Boutique in the Palais Royal
Women here look at themselves more than elsewhere, and from this comes the distinct beauty of the Parisienne. Before any man catches sight of her she has already seen herself reflected ten times.
He quoted Karl Marx, who wrote how the "murderous, meaningless caprices of fashion" led to the formation of the factory system of exploitation in the Industrial Revolution. The constant need to have the latest thing kept the system going.

Passage des Panoramas

By the end of the 19th century, the passages were also where less seemly commerce took place, including prostitution. Prostitutes were, perhaps, the ultimate expression of the commodity fetishism, since they browsed in the passages for clothing and jewelry to enhance their ability to sell themselves to the men who frequented the passages.

Contemporary accounts, including the novels of Emile Zola, describe the world of the passages and the excess of commerce conducted there.
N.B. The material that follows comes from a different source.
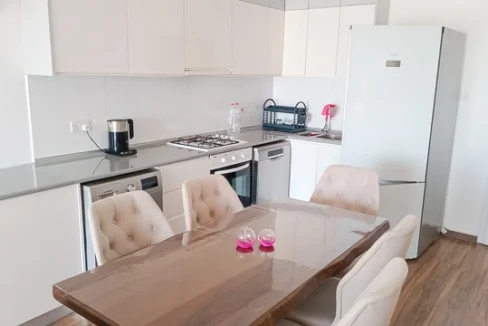 آشپزخانه مدرن با کابینت و وسایل در آپارتمان لانگ بیچ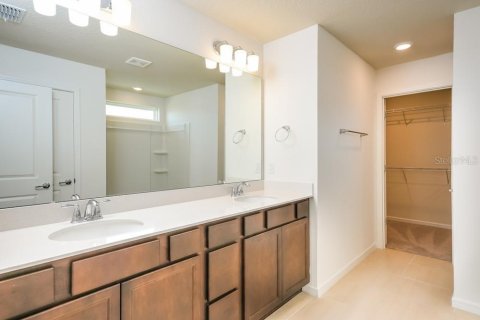 Villa ou maison à louer à Kissimmee, Floride: 5 chambres, 242.94 m2 № 1904196 - photo 15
In "Nana," a novel about a theatrical courtesan, he describes her stroll through the Passage des Panoramas:
She adored the Passage des Panoramas, still obsessed by the passion she had felt in her youth for fancy goods, fake jewelry, gilded zinc and cardboard made to look like leather. She could not tear herself away from shop windows any more than when she had been a street urchin in down-at-heel shoes, lost in wonder over a confectioner's wares, or listening to a musical box in a neighboring shop and above all going into ecstasies over cheap gaudy knickknacks, such as nutshell workboxes, ragpickers' baskets for holding toothpicks, and thermometers mounted on obelisks....
Confectioners in the Passage des Panoramas

Walter Benjamin worked on his study of the shopping arcades for over ten years, amassing a collection of notes, quotes, and interconnected essays. It was his obsession, and if he'd been able to publish it, it would have been his most important book.

Instead, in 1940, Walter Benjamin died while fleeing the Nazis. His death by supposed suicide in a mountain town on the border between Spain and France is still a mystery. So, too, is the fate of a lost manuscript he carried with him. Was it his finished "Passegenwerk," on the arcades of Paris?

A collection of his notes - perhaps his unfinished manuscript - was hidden by a friend in the Bibliotheque Nationale. It was this fragmentary, montage-like collection of writings that was finally published in 1980.

Rotunda, Galerie Colbert

Today the Galerie Colbert is part of the Institut Nationale d'Histoire de l'Art, a training and research center. Its beautiful rotunda now restored, it houses reading rooms, seminar rooms, and exhibit space. One of the seminar rooms is named after Walter Benjamin.

"Even the eyes of passersby are veiled mirrors", Walter Benjamin wrote.

7 comments:

ifthethunderdontgetya™³²®© said...

He quoted his friend Franz Hessel, who called the 19th century the "dreamy epoch of bad taste."

Does that make this the nightmare epoch of bad taste?
~

mo.stoneskin said...

Great stuff, lovely photos, and so kind of you to share with us a picture of your bicycle...

Tristan Robin Blakeman said...

that sign from the Musée Grévin is fabulous! I don't think I've ever noticed that. I will look for it next visit.

another wonderful post - your Paris posts always bring back such lovely memories!

kcinnova said...

I continue to be amazed by your fantastic photos (my favorite is of the rotunda in Galerie Colbert) and even more so by your incredible prose. I feel that I have just visited Paris. Thank you!

Are you okay there in L.A.? I just saw the weather reports for this week.

Carmi said...

I've got to get myself to Paris. I had no IDEA that these things even existed. You've told their story so richly...I can see myself wandering endlessly through these unique passages, drinking in the experience. Until then, I've got your incredible perspective for inspiration.

Monica said...

Fabulous post.

Oh those books and pastries. Must return there soon.

Sue (Someone's Mom) said...

Every time I thought I'd picked my favorite shop, there was another one that caught my eye. I would need to take lots of money here.